**Data:**

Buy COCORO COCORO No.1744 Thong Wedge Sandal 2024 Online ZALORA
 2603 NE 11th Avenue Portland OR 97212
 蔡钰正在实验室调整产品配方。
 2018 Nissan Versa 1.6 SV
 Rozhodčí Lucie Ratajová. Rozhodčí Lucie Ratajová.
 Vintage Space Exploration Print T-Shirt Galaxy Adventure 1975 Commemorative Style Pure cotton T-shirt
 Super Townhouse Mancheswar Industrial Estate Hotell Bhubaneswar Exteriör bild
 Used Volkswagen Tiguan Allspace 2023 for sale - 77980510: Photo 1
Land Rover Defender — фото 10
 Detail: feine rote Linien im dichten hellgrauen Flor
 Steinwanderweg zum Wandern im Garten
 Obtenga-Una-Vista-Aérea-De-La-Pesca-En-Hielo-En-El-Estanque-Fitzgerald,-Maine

**Your goal:**
Each line from the top of the records down to the one with "Used Volkswagen Tiguan" must be retyped exactly; include both ends and nothing else.

**Task result:**
Buy COCORO COCORO No.1744 Thong Wedge Sandal 2024 Online ZALORA
 2603 NE 11th Avenue Portland OR 97212
 蔡钰正在实验室调整产品配方。
 2018 Nissan Versa 1.6 SV
 Rozhodčí Lucie Ratajová. Rozhodčí Lucie Ratajová.
 Vintage Space Exploration Print T-Shirt Galaxy Adventure 1975 Commemorative Style Pure cotton T-shirt
 Super Townhouse Mancheswar Industrial Estate Hotell Bhubaneswar Exteriör bild
 Used Volkswagen Tiguan Allspace 2023 for sale - 77980510: Photo 1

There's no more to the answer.